Nagle usłyszeli głuchy trzask, gałąź się złamała i spadła z czymś na ziemię. Okazało się, że nie coś, tylko ktoś, a dokładniej Mary.

- Długo tam siedziałaś? - Olivia zmarszczyła brwi.

- Od początku waszego spotkania - dziewczyna podniosła się i otrzepała z ziemi.

- Jakim cudem jej nie zauważyliśmy? - zwrócił się do Wilde.

- No wiesz, mam taki dar - Mary zarzuciła włosami.

- Nic sobie nie zrobiłaś?- zapytała Olivia, podchodząc do przyjaciółki.

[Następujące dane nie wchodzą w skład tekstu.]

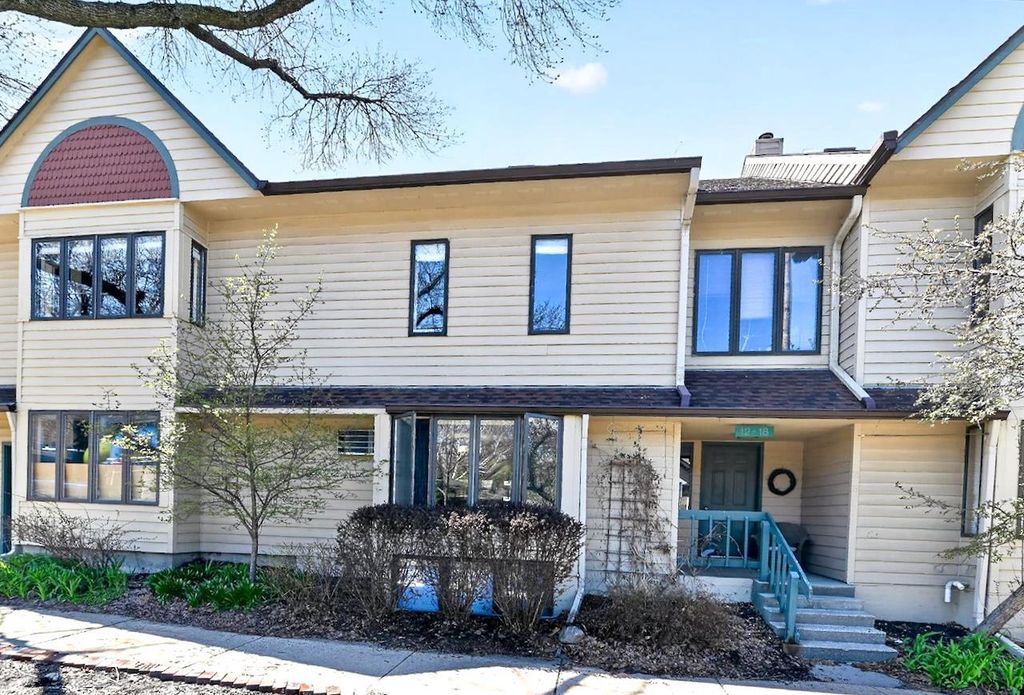 Photo of 14 N Allen STREET, Madison, WI 53726 (MLS # 2021338)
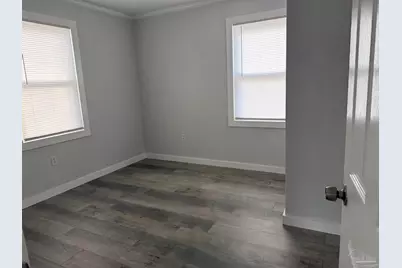 51 W Carver Dr, Pensacola, FL 32507 - Photo 8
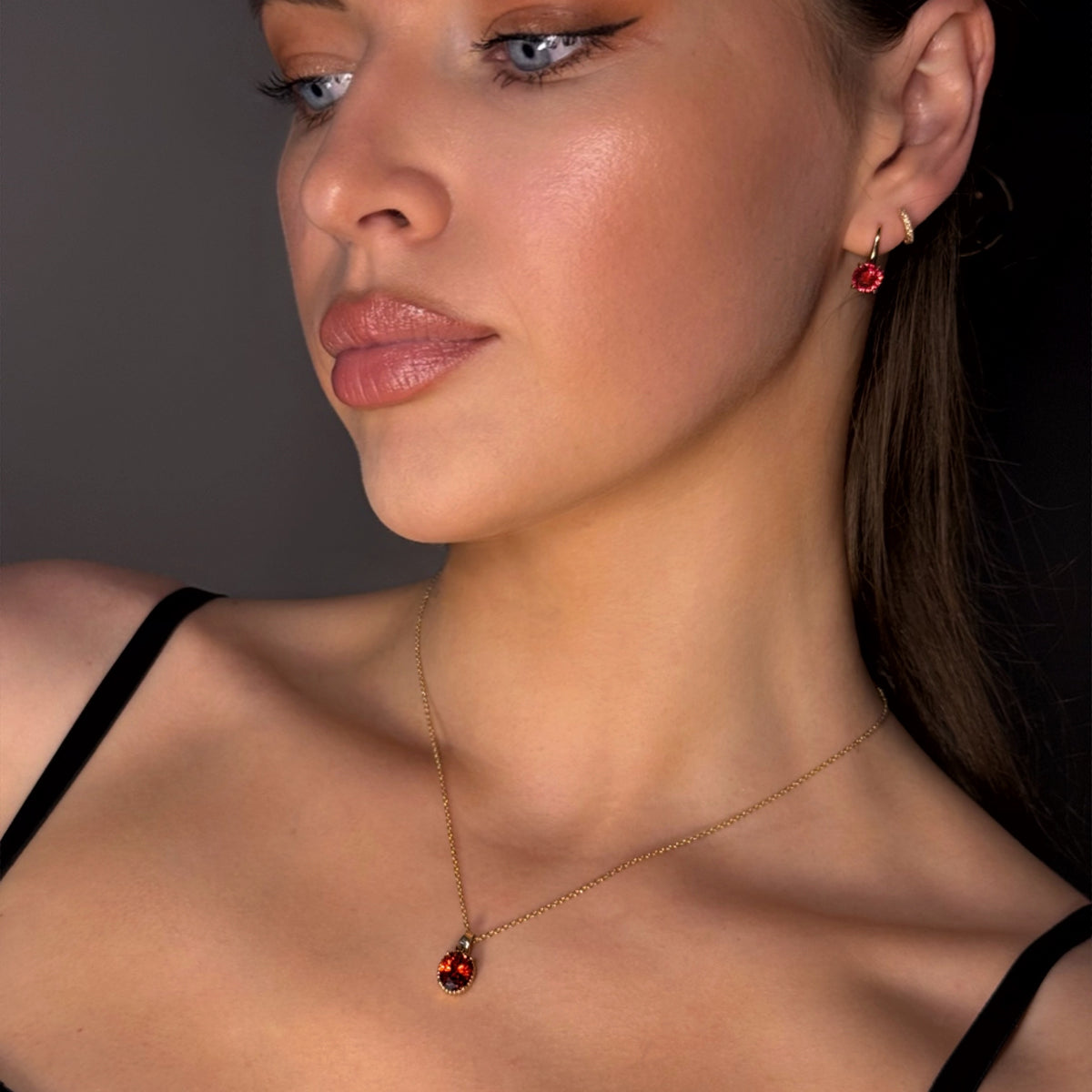 BURGUNDY OVAL NECKLACE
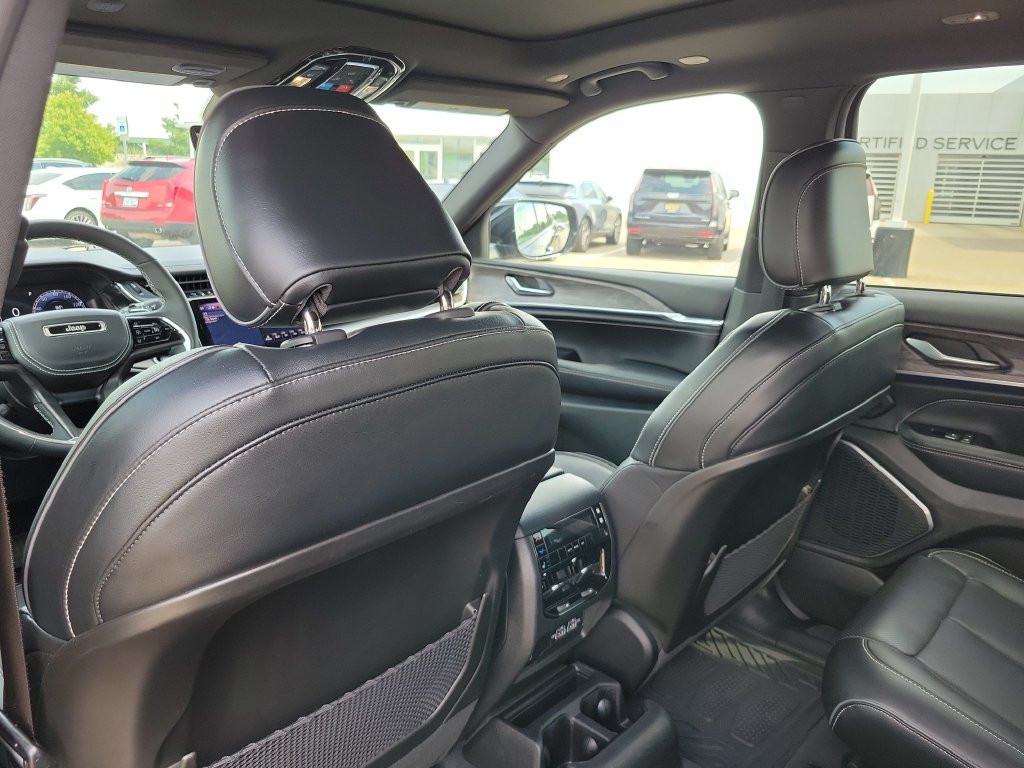 Used 2023 Jeep Grand Cherokee L Overland AWD/4WD image 30
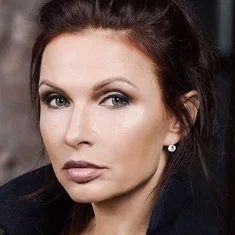 Эвелина Блёданс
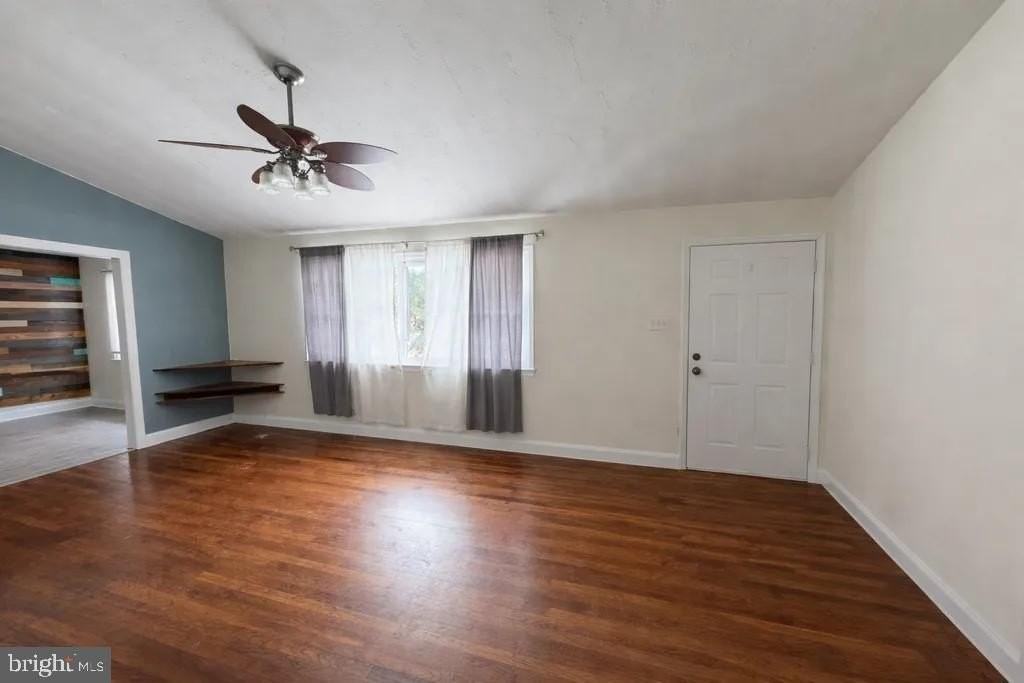 1919 Creek Rd - Photo 2 of 13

- Jeszcze żyje, ale chyba jakoś mnie ręka boli - złapała się za nadgarstek.

- Chodźmy do skrzydła szpitalnego - zaproponowała białowłosa.

- Nic mi nie będzie, tym bardziej to lewa ręka, ta którą nie pisze - machnęła nią, widać było, że ją boli.

- My lepiej już pójdziemy. Cześć Oliver - uśmiechnęła się do niego delikatnie na pożegnanie.

- Do zobaczenia, powrotu do zdrowia Mary - odpowiedział im chłopak.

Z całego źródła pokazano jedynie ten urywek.